Introduction to zookeeper

As the cornerstone of opening a distributed architecture, there must be other options besides   

Some of my own understanding, if there is a mistake, please be sure to correct it!

1. What is it?

A solution for distributed data consistency.

2. What is the use

Data publishing /subscription (configuration center)   , load balancing ( dubbo uses the zookeeper mechanism to achieve load balancing) , naming service,

Master election (kafka, hadoop, hbase), distributed queue, distributed lock.

Introduction to zookeeper

1. CAP theory and BASE theory

References: http://www.jdon.com/bigdata/how-to-understand-cap.html 

 CAP theory of distributed systems: The theory first summarizes three characteristics of distributed systems as follows:
● Consistency (C): Whether all data backups in distributed systems have the same value at the same time. (equivalent to all nodes accessing the same latest copy of data)
● Availability (A): After some nodes in the cluster fail, the cluster as a whole can still respond to the client's read and write requests. (High availability for data updates)
● Partition fault tolerance (P): In practical terms, partition is equivalent to the time limit for communication.
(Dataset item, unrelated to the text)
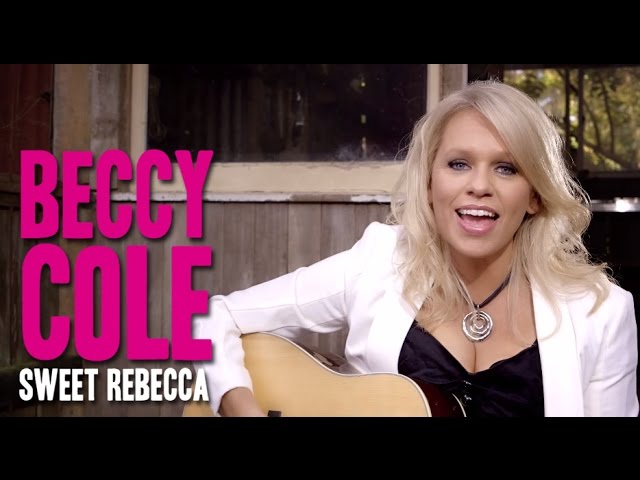 Beccy Cole - Sweet Rebecca AU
If the system cannot achieve data consistency within the time limit, it means that a partition has occurred, and a choice must be made between C and A for the current operation.
Understanding of CA conflict: C requires backup before returning to ensure data consistency (failure if there is a failure), while A does not consider the situation of data synchronization, which will lead to dirty data in the data
The base theory is to upgrade the cap theory, ba means basically available, s means soft-state, which means that   in a system based on the client-server mode, the server side has a state, that is, you can know the synchronization status of the current node. e means is eventual consistency (eventual synchronization)
2. Zookeeper's data model
Tree structure znode (node), can be monitored, and the name is unique at the same level
Node types are divided into:
 PERSISTENT (persistent node, service disconnection still exists)
PERSISTENT_SEQUENTIAL (for example: persistent sequence/test0000000019 is an ordered persistent node)
EPHEMERAL (temporary node, service disconnection, node disappears)
EPHEMERAL_SEQUENTIAL (temporary ordered node)
3.zookeeper features
3.1 Sequential consistency,

Transaction requests (additions, deletions, and modifications) initiated from the same client will eventually be applied to zookeeper in strict order (queue, fifo)

3,2 atomicity

The application of the processing results of all transaction requests on all machines in the entire cluster is consistent, that is, either all machines in the entire cluster have successfully applied a certain transaction,

or don't apply at all

3.3 Be more reliable

Once the server successfully applies a transaction data and responds to the client, the data must be synchronized and preserved throughout the cluster

3.4 Real-time

Once a transaction is successfully applied, the client can immediately read the latest data status after the transaction has been changed from the server; ( zookeeper only guarantees near real-time within a certain period of time)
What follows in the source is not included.